SUPPLIED DATA section start

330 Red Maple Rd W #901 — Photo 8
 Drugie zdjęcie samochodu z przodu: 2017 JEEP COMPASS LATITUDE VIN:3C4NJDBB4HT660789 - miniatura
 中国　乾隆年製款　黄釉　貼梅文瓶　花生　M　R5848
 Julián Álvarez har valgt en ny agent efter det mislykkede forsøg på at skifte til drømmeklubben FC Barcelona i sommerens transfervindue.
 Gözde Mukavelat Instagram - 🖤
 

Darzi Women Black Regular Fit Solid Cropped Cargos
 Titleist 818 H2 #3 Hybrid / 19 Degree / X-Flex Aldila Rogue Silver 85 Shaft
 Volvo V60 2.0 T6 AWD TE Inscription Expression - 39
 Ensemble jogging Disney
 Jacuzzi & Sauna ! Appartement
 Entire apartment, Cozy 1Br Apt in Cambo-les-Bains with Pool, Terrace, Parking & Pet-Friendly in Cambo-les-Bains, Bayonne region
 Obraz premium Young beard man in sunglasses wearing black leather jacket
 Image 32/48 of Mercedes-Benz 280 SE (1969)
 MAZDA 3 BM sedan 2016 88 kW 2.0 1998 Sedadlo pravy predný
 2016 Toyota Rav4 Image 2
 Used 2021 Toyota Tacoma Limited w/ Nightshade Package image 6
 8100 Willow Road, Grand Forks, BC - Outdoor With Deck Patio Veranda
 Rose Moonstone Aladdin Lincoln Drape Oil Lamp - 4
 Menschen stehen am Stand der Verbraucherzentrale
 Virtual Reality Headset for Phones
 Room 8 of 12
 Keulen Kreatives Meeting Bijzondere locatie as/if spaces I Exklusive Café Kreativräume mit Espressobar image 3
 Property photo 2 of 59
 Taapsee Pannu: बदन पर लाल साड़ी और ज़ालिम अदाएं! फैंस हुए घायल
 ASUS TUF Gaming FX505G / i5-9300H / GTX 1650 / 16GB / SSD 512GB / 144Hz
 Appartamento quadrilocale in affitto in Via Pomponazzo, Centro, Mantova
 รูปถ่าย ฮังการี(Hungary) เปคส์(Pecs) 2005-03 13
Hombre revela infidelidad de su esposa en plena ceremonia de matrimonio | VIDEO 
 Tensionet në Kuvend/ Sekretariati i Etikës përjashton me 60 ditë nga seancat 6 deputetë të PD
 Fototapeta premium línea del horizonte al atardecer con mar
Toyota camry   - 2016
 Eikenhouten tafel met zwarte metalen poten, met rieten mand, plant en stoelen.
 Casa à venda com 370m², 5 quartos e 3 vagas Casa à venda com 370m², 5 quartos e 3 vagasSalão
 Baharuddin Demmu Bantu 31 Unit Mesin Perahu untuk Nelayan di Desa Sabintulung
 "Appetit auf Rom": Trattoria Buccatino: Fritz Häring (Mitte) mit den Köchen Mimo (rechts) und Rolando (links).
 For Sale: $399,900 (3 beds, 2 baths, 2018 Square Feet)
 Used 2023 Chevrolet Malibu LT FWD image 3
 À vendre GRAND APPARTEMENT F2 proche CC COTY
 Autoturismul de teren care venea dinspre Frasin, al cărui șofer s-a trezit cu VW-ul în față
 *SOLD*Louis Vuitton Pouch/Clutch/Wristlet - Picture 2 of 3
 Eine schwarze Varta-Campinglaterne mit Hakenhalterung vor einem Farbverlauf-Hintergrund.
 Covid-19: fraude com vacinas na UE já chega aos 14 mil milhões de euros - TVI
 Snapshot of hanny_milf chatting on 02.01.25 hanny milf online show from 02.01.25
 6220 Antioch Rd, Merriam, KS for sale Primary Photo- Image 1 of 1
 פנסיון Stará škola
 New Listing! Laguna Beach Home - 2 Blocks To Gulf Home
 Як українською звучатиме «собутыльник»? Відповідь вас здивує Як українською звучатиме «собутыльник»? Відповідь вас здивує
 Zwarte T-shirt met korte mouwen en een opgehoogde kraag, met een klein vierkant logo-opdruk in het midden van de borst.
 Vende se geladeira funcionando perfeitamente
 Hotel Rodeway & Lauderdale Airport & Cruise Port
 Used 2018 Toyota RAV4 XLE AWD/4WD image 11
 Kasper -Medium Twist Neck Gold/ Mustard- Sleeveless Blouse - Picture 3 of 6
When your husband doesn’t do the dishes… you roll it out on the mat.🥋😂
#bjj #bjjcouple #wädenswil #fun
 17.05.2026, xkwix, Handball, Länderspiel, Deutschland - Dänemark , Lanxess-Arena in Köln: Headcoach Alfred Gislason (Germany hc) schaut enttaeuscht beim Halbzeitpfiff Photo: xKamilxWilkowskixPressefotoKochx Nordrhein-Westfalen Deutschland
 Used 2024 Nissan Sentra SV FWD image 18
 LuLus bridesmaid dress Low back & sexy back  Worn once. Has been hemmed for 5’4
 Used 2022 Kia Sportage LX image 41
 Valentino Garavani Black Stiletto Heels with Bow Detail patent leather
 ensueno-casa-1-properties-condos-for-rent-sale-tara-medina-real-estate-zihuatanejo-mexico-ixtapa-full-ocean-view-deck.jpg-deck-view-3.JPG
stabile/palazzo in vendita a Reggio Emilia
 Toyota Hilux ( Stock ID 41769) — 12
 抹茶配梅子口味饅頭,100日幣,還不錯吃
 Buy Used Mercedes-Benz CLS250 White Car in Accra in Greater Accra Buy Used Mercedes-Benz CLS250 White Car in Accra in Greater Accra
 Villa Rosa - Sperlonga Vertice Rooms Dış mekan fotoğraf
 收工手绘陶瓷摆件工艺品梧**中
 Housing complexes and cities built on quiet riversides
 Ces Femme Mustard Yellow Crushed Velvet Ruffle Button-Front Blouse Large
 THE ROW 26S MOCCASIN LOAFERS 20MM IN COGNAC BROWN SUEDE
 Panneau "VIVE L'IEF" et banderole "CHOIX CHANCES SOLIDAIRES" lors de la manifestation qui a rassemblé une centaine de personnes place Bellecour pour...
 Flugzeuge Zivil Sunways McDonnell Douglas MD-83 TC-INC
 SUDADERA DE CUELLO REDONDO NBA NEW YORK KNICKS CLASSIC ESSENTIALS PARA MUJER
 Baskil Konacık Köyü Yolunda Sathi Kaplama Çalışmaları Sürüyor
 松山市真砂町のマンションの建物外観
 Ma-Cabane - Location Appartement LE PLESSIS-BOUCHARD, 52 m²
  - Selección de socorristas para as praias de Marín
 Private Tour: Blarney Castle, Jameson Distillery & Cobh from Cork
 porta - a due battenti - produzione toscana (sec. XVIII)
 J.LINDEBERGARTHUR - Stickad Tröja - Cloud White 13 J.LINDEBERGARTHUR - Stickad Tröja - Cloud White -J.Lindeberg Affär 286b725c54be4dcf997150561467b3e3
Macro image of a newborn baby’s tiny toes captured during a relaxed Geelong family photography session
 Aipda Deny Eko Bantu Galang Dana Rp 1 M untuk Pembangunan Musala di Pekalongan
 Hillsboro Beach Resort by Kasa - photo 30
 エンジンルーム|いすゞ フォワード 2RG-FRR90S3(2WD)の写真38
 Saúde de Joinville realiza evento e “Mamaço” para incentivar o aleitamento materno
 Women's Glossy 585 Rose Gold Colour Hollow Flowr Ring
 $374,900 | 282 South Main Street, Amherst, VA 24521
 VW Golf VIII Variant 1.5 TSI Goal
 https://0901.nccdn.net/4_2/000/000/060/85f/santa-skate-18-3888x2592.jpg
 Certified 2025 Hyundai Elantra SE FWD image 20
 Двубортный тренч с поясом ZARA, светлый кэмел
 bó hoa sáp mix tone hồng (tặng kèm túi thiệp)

SUPPLIED DATA section end

=== EXERCISE BRIEF ===
Show me every line in the data above that includes "Rose".

=== THE ANSWER ===
 Rose Moonstone Aladdin Lincoln Drape Oil Lamp - 4
 Women's Glossy 585 Rose Gold Colour Hollow Flowr Ring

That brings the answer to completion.